Im Dezember 1992 empfing der Professor für Neueste Geschichte den Journalisten in der Humboldt-Universität. Der professionelle Historiker fühlte sich zur politischen Publizistik prädestiniert, der professionelle Journalist hatte ein Faible für die Historie und selbst mehrere historische Bücher verfaßt. Beide waren füreinander keine Unbekannten, Köhler hat sich wiederholt öffentlich mit Winklers politischem Wirken auseinandergesetzt. Winkler gab die Rolle des gerechten Rächers der verfolgten Unschuld und fragte seinen Gast: »Würden Sie einen Professor ... im Amt belassen, der aus politischen Gründen dazu beigetragen hat, daß Studenten die Universität verlassen mußten?« Köhler fragte seinerseits, ob nicht vielleicht auch Winkler selbst – »auf freiheitlich-demokratischer Grundlage selbstverständlich« – an Relegationen beteiligt gewesen sei gegen Leute, die in seiner Vorlesung Diskussionen über den Universitätsbetrieb verlangten. Winkler gab sich ehrlich überrascht. Seine Darstellung der Ereignisse und seiner eigenen Rolle dabei widersprach eklatant den Aussagen ehemaliger Freiburger Studenten, für deren Relegierung aus politischen Gründen Winkler zwischen 1974 und 1978 als Dekan in Freiburg verantwortlich war. Als Otto Köhler den »gnadenlosen Ankläger« daraufhin mit den Aussagen seiner ehemaligen Studenten konfrontierte, beendete Winkler das Gespräch und warf den hartnäckigen Frager hinaus.
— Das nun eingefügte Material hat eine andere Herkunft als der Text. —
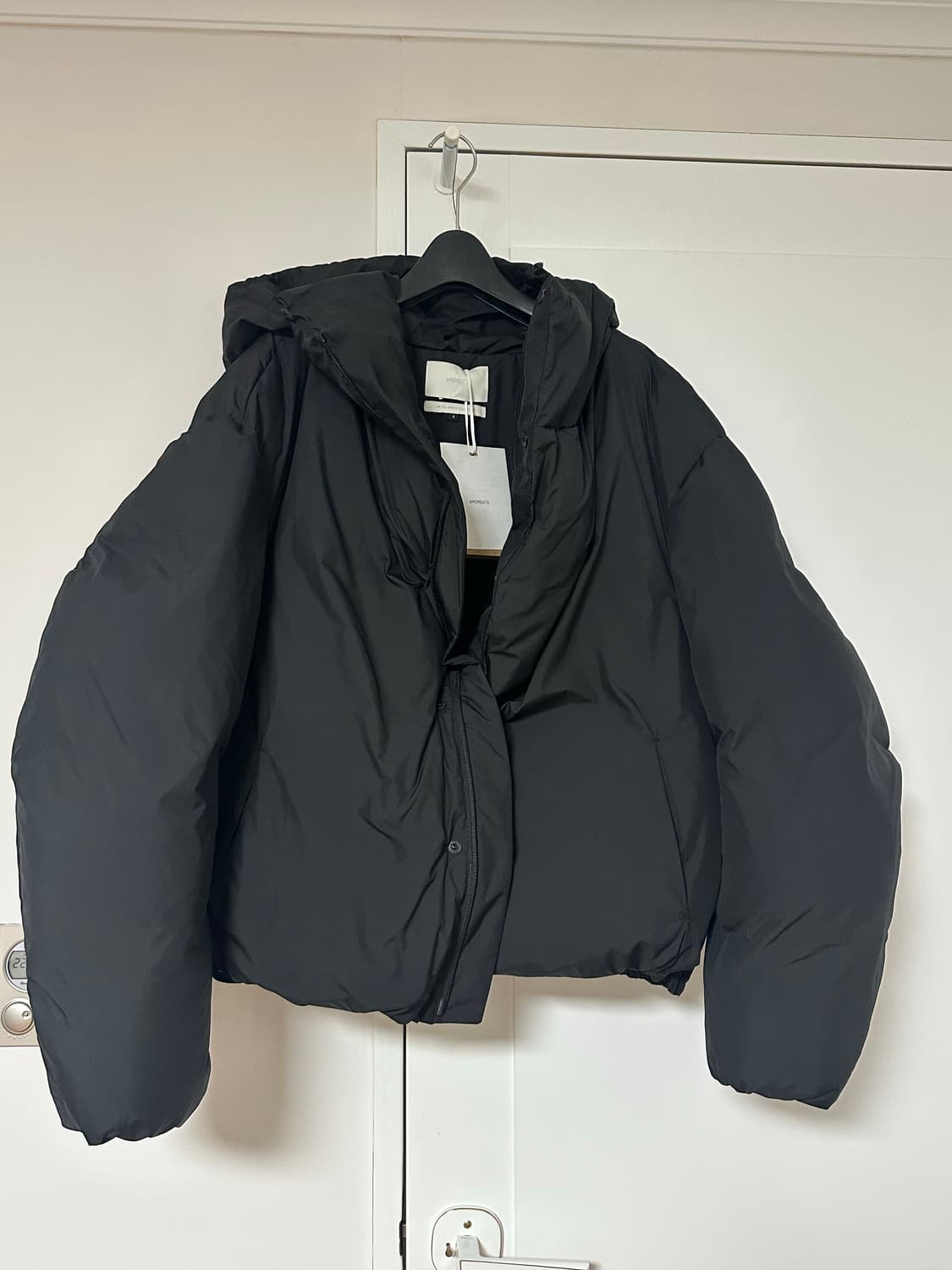 아모멘토 HOODED DOWN PUFFER 블랙 S 상품이미지4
Köhler verfaßte über Winklers »Säuberungen« 1974–78 in Freiburg und ab 1991 in Berlin einen Artikel, der zuerst in der Reihe ZeitZeichen des WDR gesendet und dann in konkret publiziert wurde. Darin präsentierte er im Wortlaut die Aussagen jener Freiburger Studenten, die nicht nur relegiert, sondern unter Mitwirkung Winklers körperlich angegriffen worden waren. Ausführlich analysierte Köhler die Verfahrensweise der an der Humboldt-Universität beteiligten Gremien, vor allem des zuständigen Senators, der von ihm eingesetzten Struktur- und Berufungskommissionen und der neuen Ordinarien sowie das Zusammenspiel mit den Westberliner Arbeitsgerichten.
Gewöhnlich ignorierte Winkler die Vorwürfe der Kollegen und Journalisten. Köhlers Text aber war von solcher Wirkung, daß er sich nicht mehr zurückhalten konnte. In seiner Wut über die nicht aus der Welt zu schaffenden Belege aus Freiburg publizierte der Saubermann in der weitverbreiteten Fachzeitschrift Geschichte in Wissenschaft und Unterricht eine Entgegnung, in der er sich als Opfer der Studenten präsentierte.
Hinsichtlich seines gewählten Gegners hat Otto Köhler ein gutes Gespür bewiesen. Heinrich August Winkler, »Preuße und Protestant« (als solcher bei seiner Emeritierung gefeiert), trägt zwar nach kurzer Phase in der CDU seit 1962 das Parteibuch der SPD in der Tasche – wie Noske –, doch er ist unbeirrt ein streitbarer Konservativer. Treffend nannte ihn Otto Köhler einen »Türöffner nach rechts«. Immer ging es Winkler auch um seine persönliche Karriere: In den 16 Jahren, in denen er an der Humboldt-Universität lehrte, verschaffte er sich den Nimbus des offiziösen Staatshistorikers dieser »Berliner Republik«.